RUB » Bibliotheksportal

Clara Draf, Taylor Wyrick, Eduardo Chavez, Kwang Pak, Arwa Kurabi, Anke Leichtle, Stefan Dazert, Allen F. Ryan

• \(\bf Introduction:\) Autophagy is a degradative pathway to safely break down and recycle dysfunctional cellular components. There is prior evidence of autophagy participation during hair cell (HC) damage. Our goal was to screen compounds targeting different aspects of autophagy for their effects on HC loss due to an ototoxic aminoglycoside, gentamicin (GM). \(\bf Methods:\) The SELLECKChem autophagy compound library, consisting of 154 compounds with defined autophagy inducing or inhibitory activity, was used for targeted screening \(\textit {in vitro}\) model of ototoxicity. Organ of Corti from postnatal days 3–5 pou4f3/GFP transgenic mice (HCs express green fluorescent protein) were utilized. The organs were micro-dissected, and basal and middle turns divided into micro-explants individually placed into the single wells of a 96-well plate. Samples were treated with 200 \(\mu\)M of GM plus three dosages of tested compound and cultured for 72 h. Negative controls were treated with media only; positive ototoxicity controls were treated with GM only. \(\bf Results:\) The majority of the library compounds had no effect on GM-induced HC loss.
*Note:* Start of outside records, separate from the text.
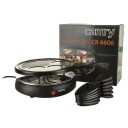 Camry Electronic Smørbrødsmaskin Grill Cr 6606 Raclette 1200 W Sort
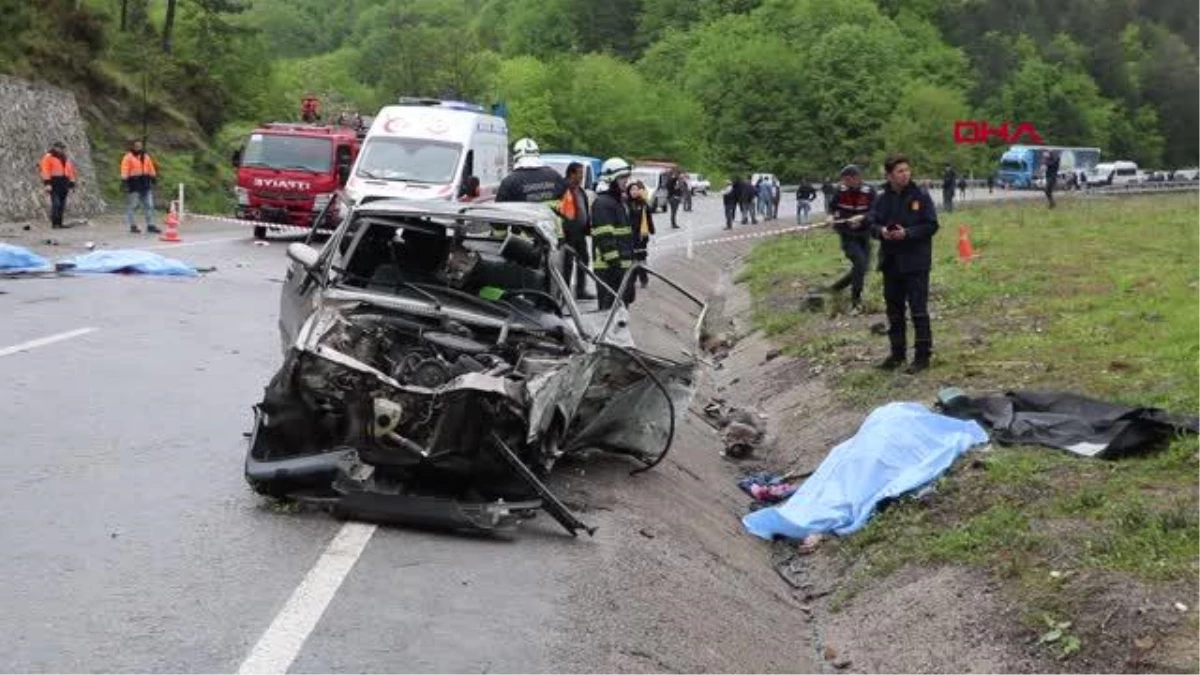 Zonguldak\'ta Otomobil Kazası: 3 Kişi Hayatını Kaybetti, 1 Kişi Yaralandı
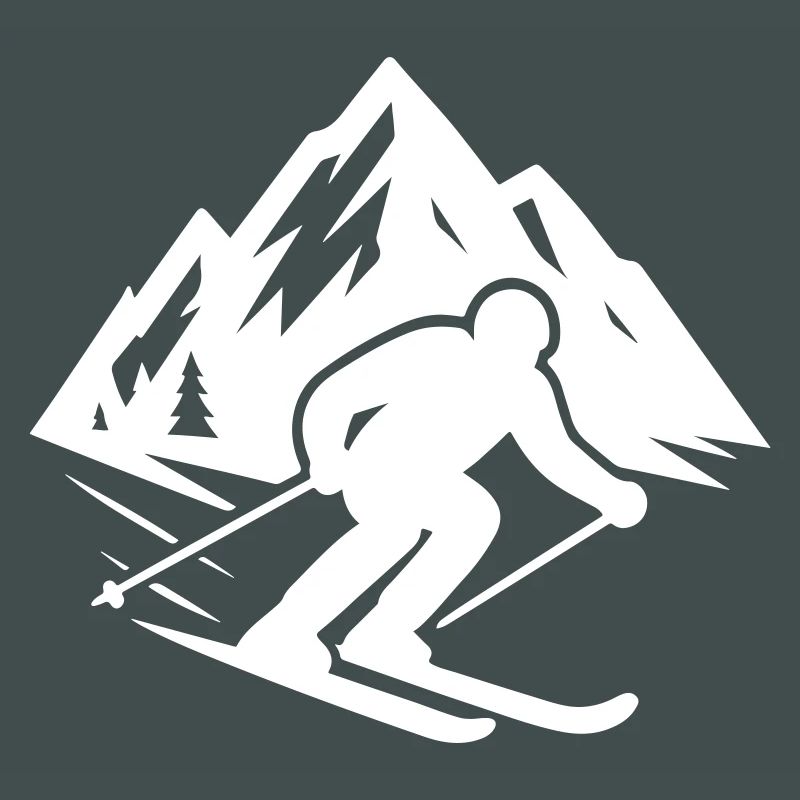 Skiing Mountains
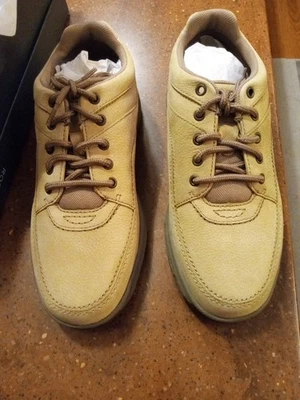 Rockport 男式 K70883 浅砂磨砂男式经典牛津 11 X 宽 — 第 1/4 张图片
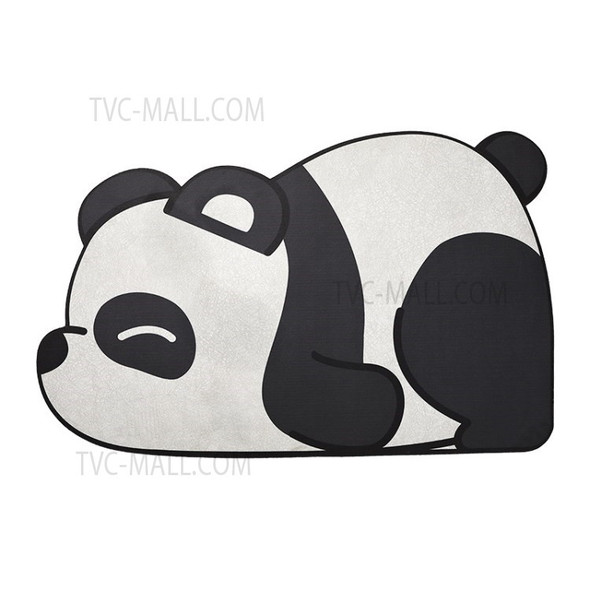 Bath Door Floor Mat Quick Drying Super Absorbent Pad Bathroom Carpet 40x60cm - Panda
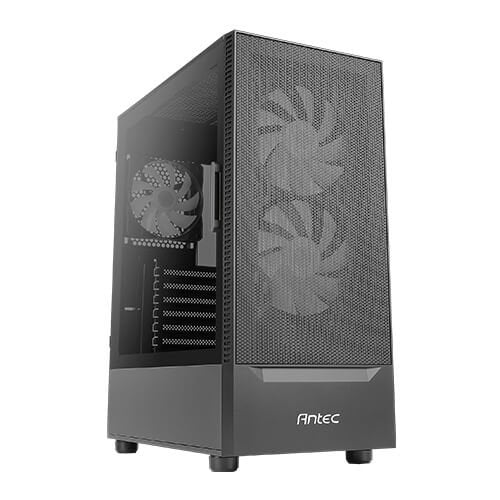 Antec NX 410 Caja PC Gaming Midi Tower Gris ATX, ITX, micro ATX, con Ventana Lateral, 2x USB 2.0, 1x USB 3.0 y sin Fuente de Alimentación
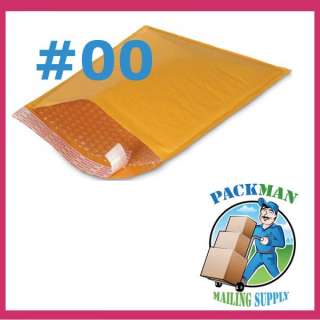 25 5x10 #00 Gold Kraft Bubble Mailer Envelopes  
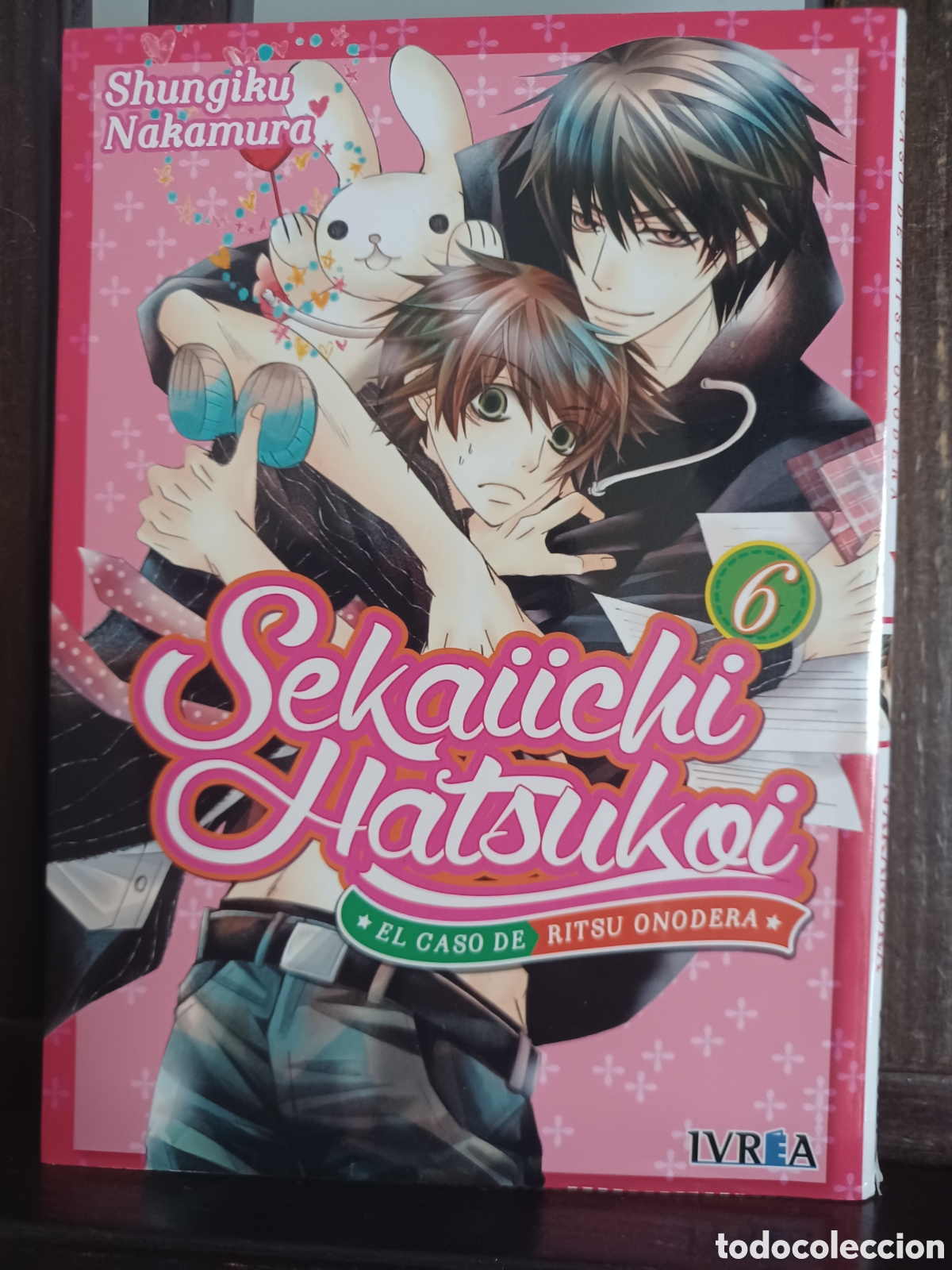 C&oacute;mics: Sekaiichi Hatsukoi. El caso de Ritchu Onodera 6/ Manga BL/ Ivrea/ NUEVO A ESTRENAR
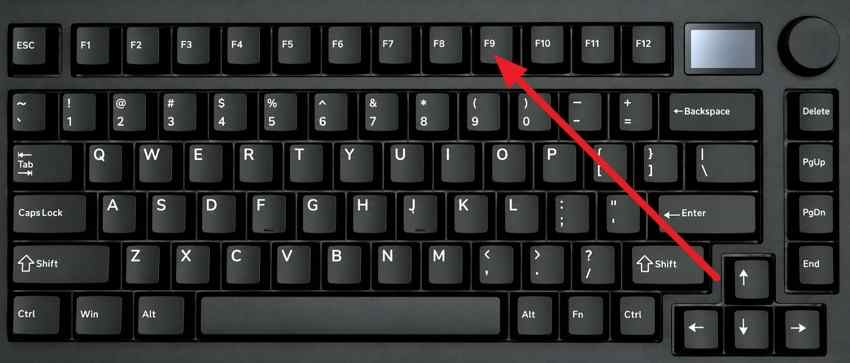 press f9 to restore acer bios defaults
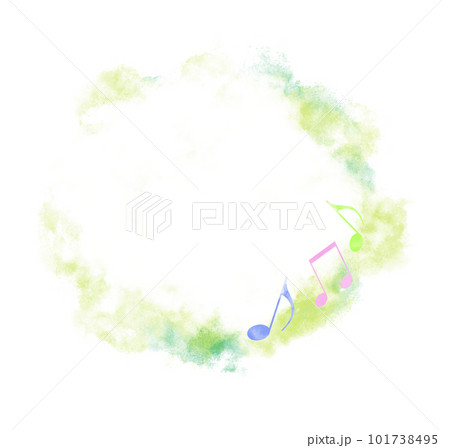 音符の吹き出し 101738495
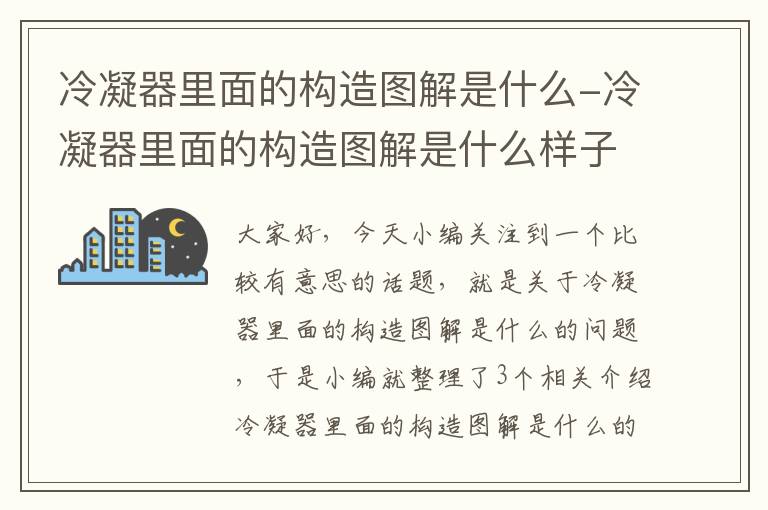 冷凝器里面的构造图解是什么-冷凝器里面的构造图解是什么样子的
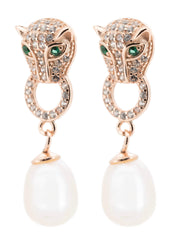 Panthera Pearl Earrings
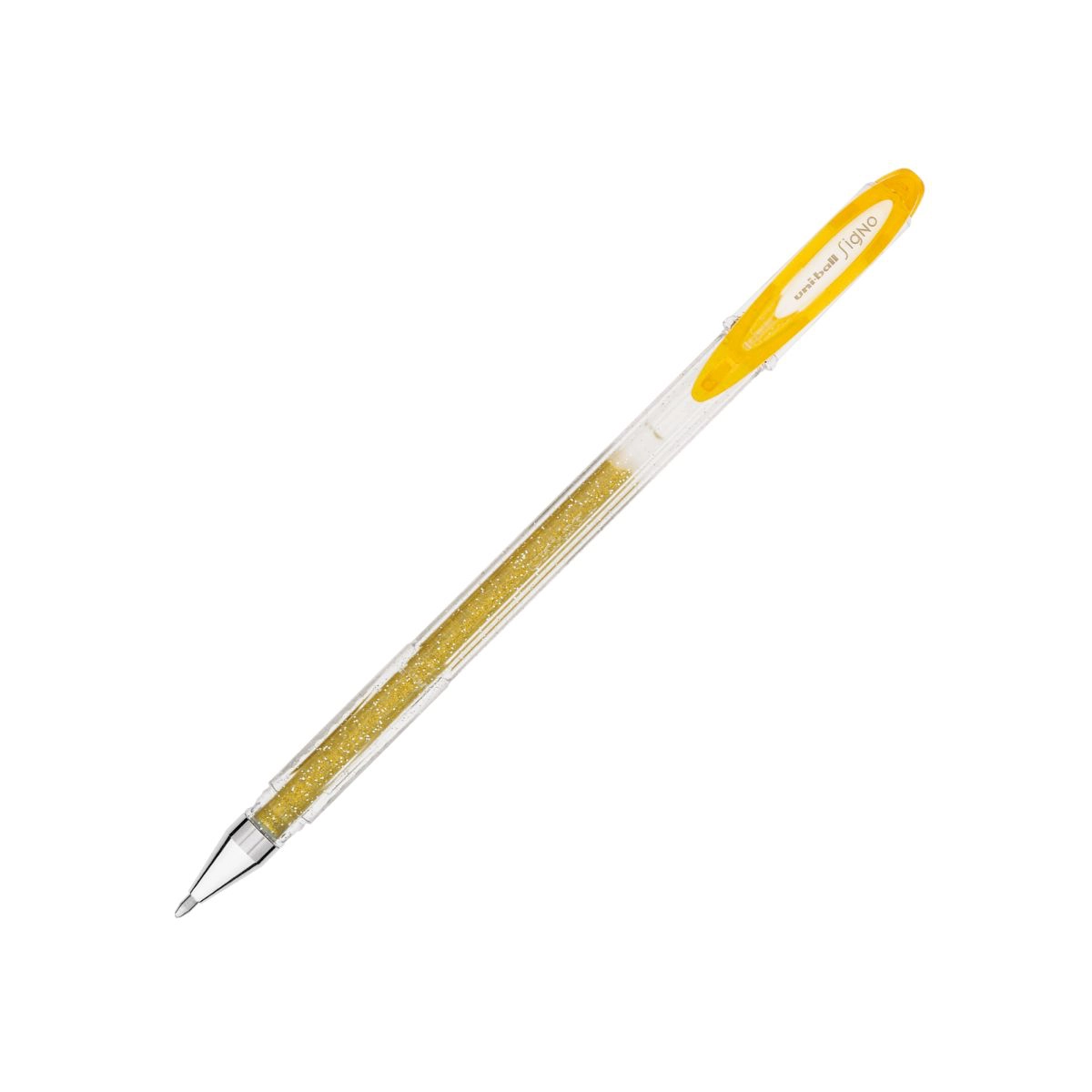 Caneta gel Sparkling Signo 0.7mm UM-120SP - Ouro - Uni-Ball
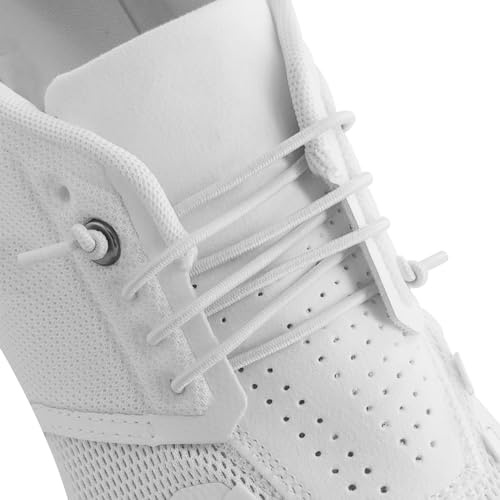UamGlsob Elastic No Tie Shoelaces for On Cloud Trainers | 2.5mm Thin Round Rubber Stretch Strings, Stretchy Replacement Laces for Kids & Adults Sneakers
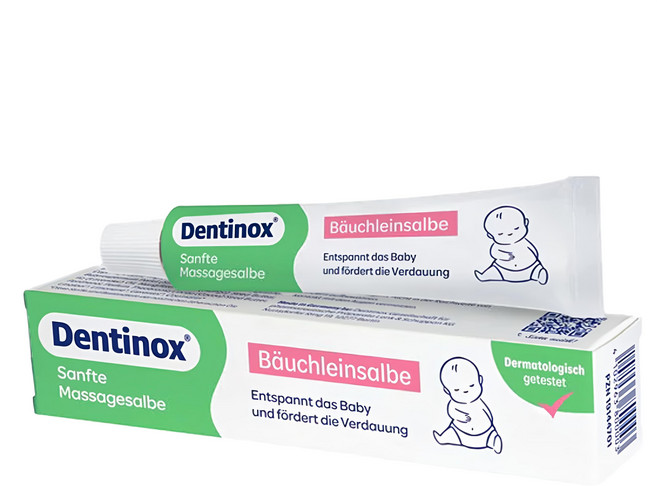 Baan 貝恩 Dentinox 腹部舒緩按摩膏 5週以上, 50ml, 1條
However, 18 compounds exhibited a significant, protective effect, two compounds were protective at low dosage but showed enhanced GM toxicity at higher doses and one compound was toxic to HCs in the absence of GM. \(\bf Conclusions:\) This study evaluated many autophagy compounds that have not been tested previously on HCs. The disparate results obtained underscore the complexity of autophagy events that can influence HC responses to aminoglycosides, but also implicate the proteosome as an important damage mechanism. The screening results can serve as basis for further studies with protective compounds as potential drug targets.